Meluruskan Makna Jihad (18)
Kehidupan Berbangsa dan Kehidupan Beragama
Oleh: Nasaruddin Umar
Menengok kembali Gallup's World Poll, sebuah lembaga survei
internasional yang sangat terkenal di AS, yang pada 2007 membuat laporan yang
kemudian dibukukan oleh John L. Esposito dan Dalia Mogahed berjudul Who Speaks for Islam? Yang
artinya kira-kira ialah siapa yang berhak berbicara atas nama Islam? Buku ini
menampilkan sejumlah data yang menarik untuk diperhatikan. Di antara isi buku
ini ialah bagaimana membaca Islam's
silenced majority, siapa yang sesungguhnya yang disebut umat Islam,
mengapa di antara mereka radikal, apakah mereka memperjuangkan demokrasi atau
teokrasi, dan apakah yang terjadi benturan atau keberadaan ganda?
Dengan mengambil sampel 35 negara mayoritas muslim dengan puluhan
ribu responden secara acak dan dengan metodologi khusus, survei ini
mengumpulkan suara mainstream
muslim dalam menanggapi persoalan aktual, khususnya dilema
eksternal dunia Islam. Hasilnya menunjukkan bahwa kelompok silent majority, yakni
kelompok mainsream,
lebih mengharapkan kehidupan masa depan yang lebih tenang, terutama untuk
mendapatkan job/pekerjaan
yang layak. Disusul kemudian dengan suasana demokratis dan dengan tetap
mengharapkan agama menjadi nilai-nilai sosial yang hidup.
Yang menarik dari poll
ini, kelompok mainstream
mengharapkan ulama lebih fokus membimbing umat, tidak perlu terlibat langsung dalam
dunia politik, meskipun pada satu sisi pemimpin pemerintahan diharapkan
mengedepankan moral dan etika agama. Jihad dalam Islam agar diarahkan kepada
hal-hal yang konstruktif, tidak setuju dengan cara-cara kekerasan apalagi
teroris. Jika harus terjadi perang jangan sampai penduduk sipil jadi korban.
Kaum perempuan muslim mengharapkan kesetaraan gender. Dunia Barat agar lebih
membuka diri dan respek terhadap dunia Islam.
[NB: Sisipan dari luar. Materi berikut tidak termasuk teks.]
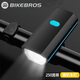 BIKEBROS自行車(chē)燈前燈USB充電喇叭燈山地車(chē)高亮手電筒兒童單車(chē)鈴鐺車(chē)前燈強光夜騎行燈騎 喇叭燈藍色強光
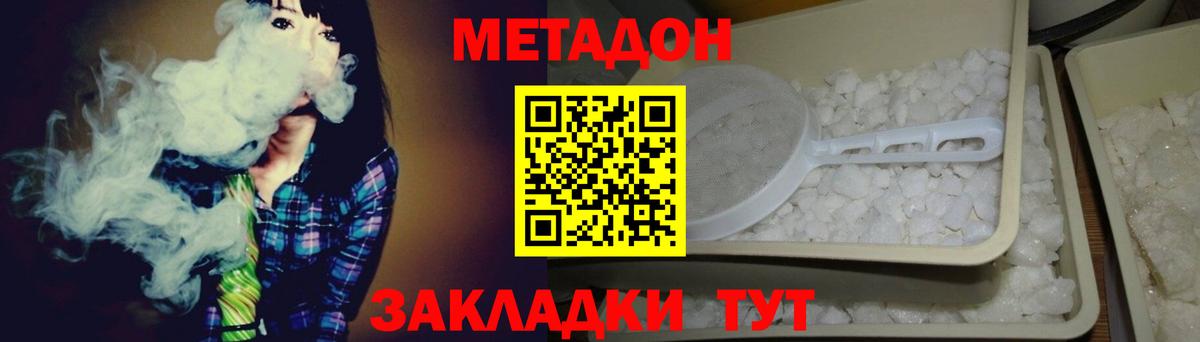 mega ссылки  Апшеронск  МЕТАДОН VHQ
Di Indonesia sendiri, meskipun belum ada data kuantitatif terbaru
tetapi mempunyai indikasi dan kecenderungan yang sama. Mereka menghendaki
kehidupan berbangsa paralel dengan kehidupan beragama. Tidak lagi banyak
mempersoalkan Islam dijadikan dasar negara atau tidak, yang penting
ketenteraman dan kesejahteraan masyarakat terpelihara.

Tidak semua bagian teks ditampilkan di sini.